Entretanto a miúda chega a casa, passavam largos minutos da meia noite. Decidimos ir para a cama, porque ambos tinhamos de acordar cedo, eu para vir trabalhar e ela para ir estudar Anatomia. Assim que ela vestiu o pijama, o telefone das urgências voltou a tocar ( confesso que olhei para ela e não contive uma enorme gargalhada, ela nem queria acreditar), era uma senhora que tinha um cão que estava a chorar e mais uma vez, despimos o pijama e lá fui solidário levá-la novamente à Clínica.

Voltei novamente para casa e para recuperar a boa disposição que tinha ficado perdida quando me roubaram a miúda duas vezes nesta noite, fui rever o Sérgio Rossi.
Ela voltou, deitou-se na cama ao meu lado e adormecemos em uníssono, cansados mas juntos finalmente.

sábado, 22 de outubro de 2016

Aconchego

São 21 horas. Estás deitada na sala ao meu lado com a tua cabeça sobre o meu ombro. Olho para ti e adormeceste. Acordaste às 06 da manhã, foste para a faculdade onde estás a tirar Medicina. Saíste das aulas a correr para apanhares o comboio que te traz para o teu emprego onde ficarás até às 20.

Vens para casa, trazes o peso do Curso e os casos complicados que te surgiram no emprego nesse dia. O teu ar é cansado, mas ainda assim sorris porque estás a concretizar o teu sonho.

Enquanto sinto a tua baba inundar-me o peito, experimento um misto de orgulho e de conforto. Orgulho na mulher que está aqui deitada ao meu lado e que luta diariamente pelos objectivos que traçou para a sua vida e conforto por sentir que aqui nos meus braços nada de mal te vai acontecer.

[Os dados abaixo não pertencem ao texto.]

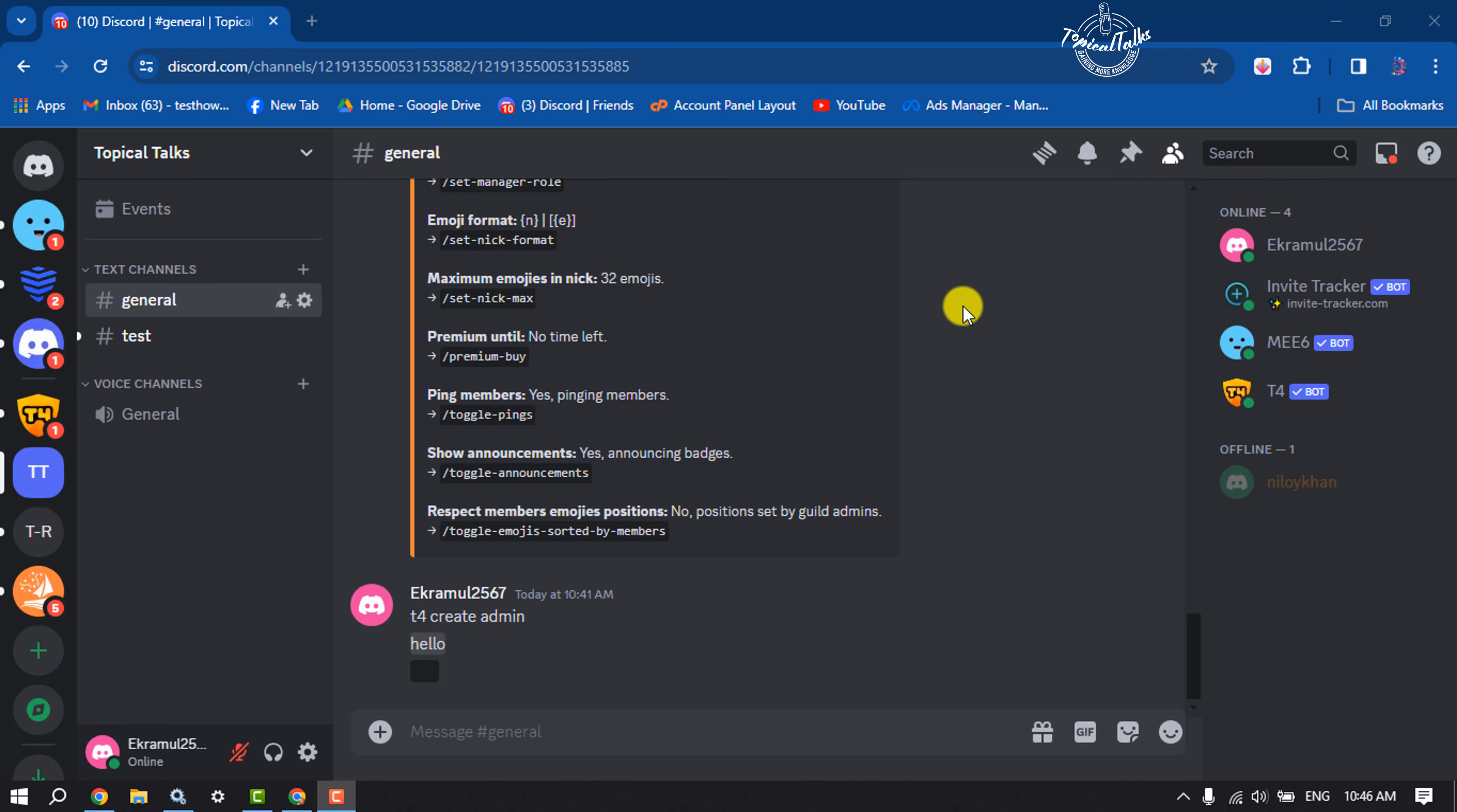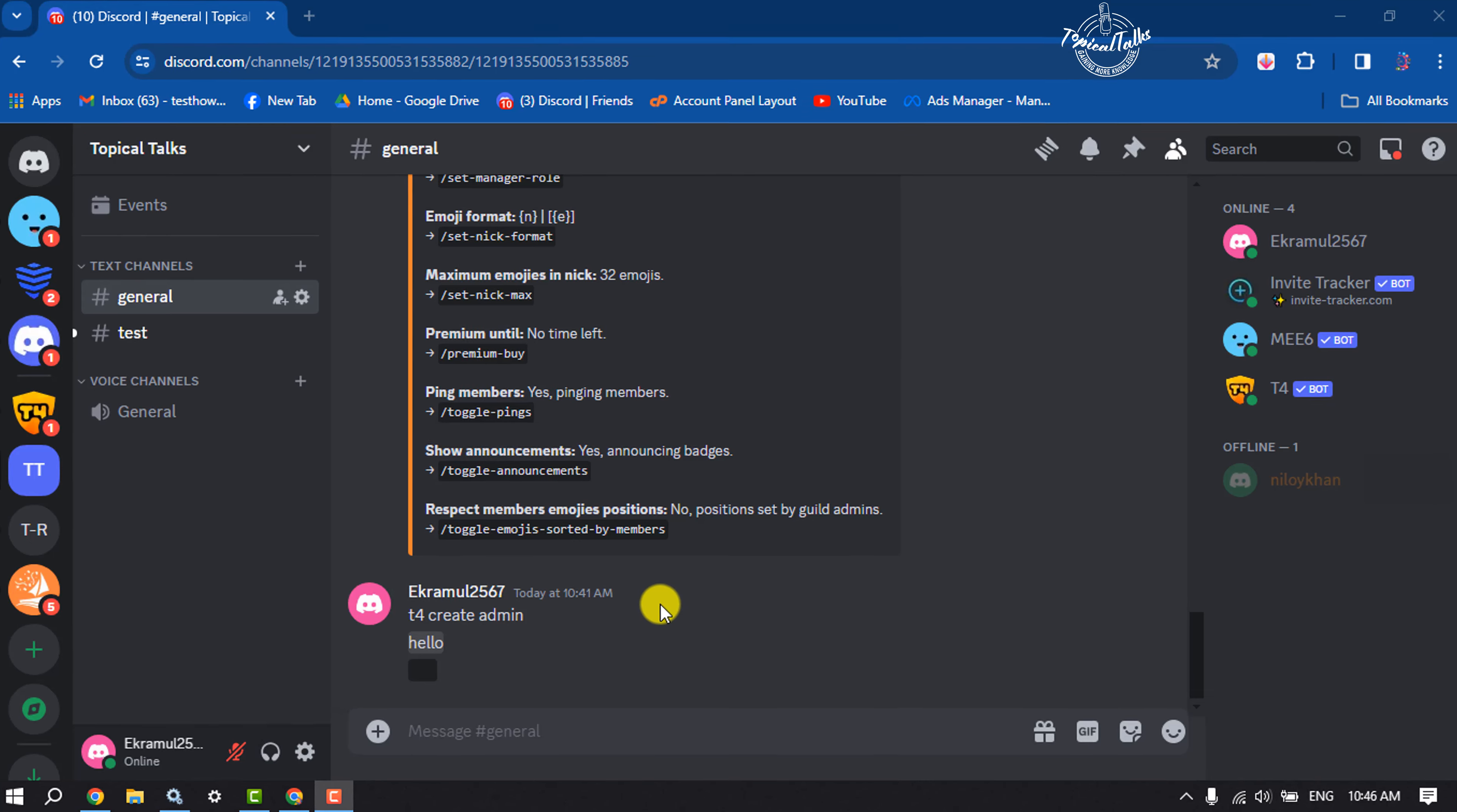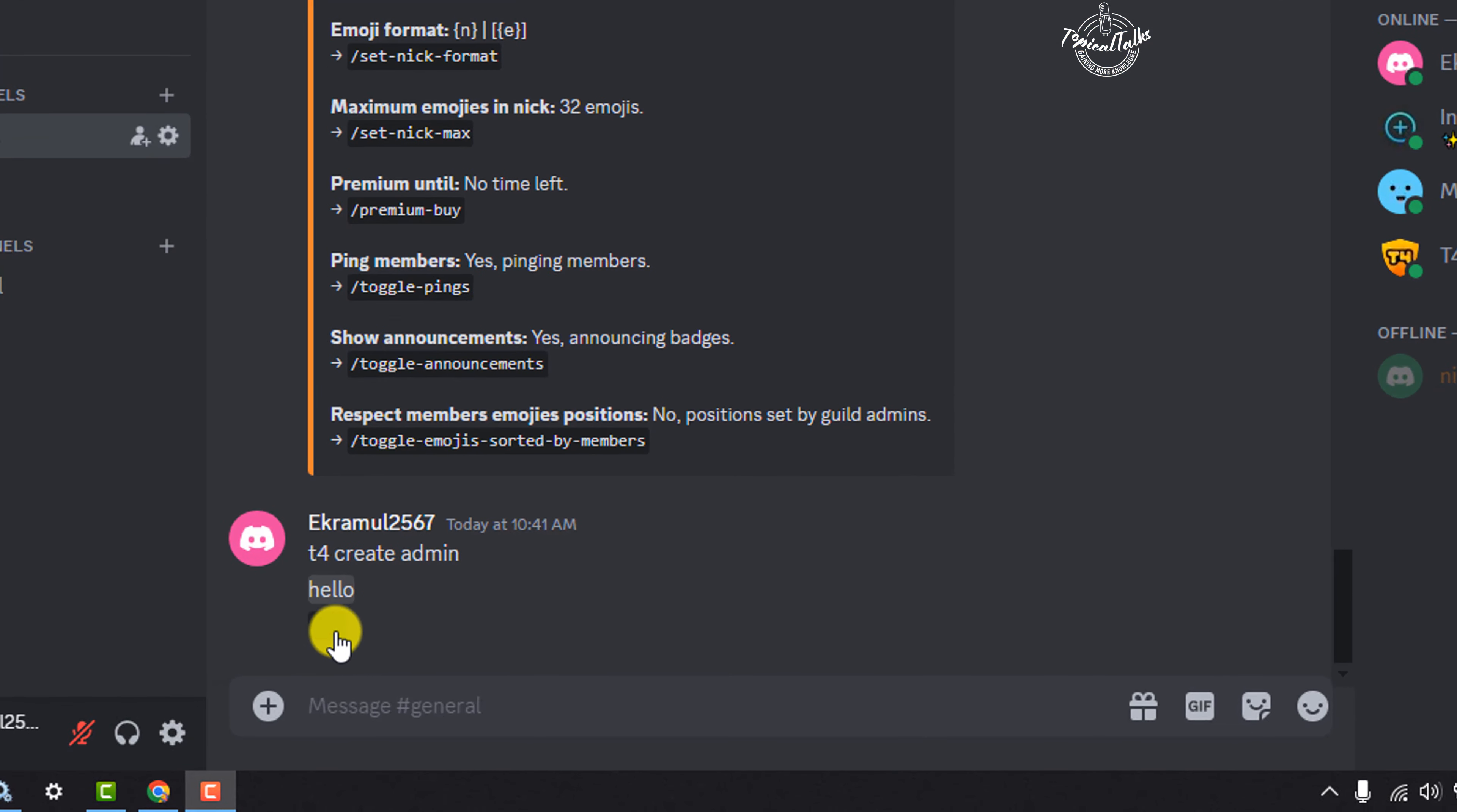Hi, this is Topical Talks. I'm gonna show you how to blur messages on Discord. So to send a message like this, follow these easy steps.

O meu braço começa a ficar dormente, mas não ouso sequer tirá-lo debaixo da tua cabeça; o meu sacrifício comparado com o teu nada pesa.

Quando te conheci fiz-te algumas promessas, todas elas cumpridas até ao dia de hoje. A mais importante que te fiz foi a de que te iria sempre proteger. Quero que os teus sonhos sejam também os meus, que as tuas vitórias sejam também as minhas e que a tua felicidade seja uma constante.
Enquanto dormes, exausta, mas tranquila, recordo tudo aquilo que já me deste. A tua entrega, a tua esperança que muitas vezes me emprestaste por a minha andar perdida.

Antes de chegares a casa, aspirei-a, fiz o jantar, limpei o cocó das nossas gatas, apanhei a roupa que estava estendida e assim tive-te um bocadinho só para mim, sem precisares de fazer mais do que me dares uma hora da tua companhia. Hoje dou mais valor ao Tempo, aproveito os segundos, porque cada segundo é importante. Vives a mil à hora, vivemos a mil à hora, mas quando conseguimos parar e termo-nos um para o outro tudo faz sentido e vale a pena.

Enquanto dormes nos meus braços eu  sei que o teu lugar é ali naquele exacto momento e que eu não quereria estar senão ali, junto a ti.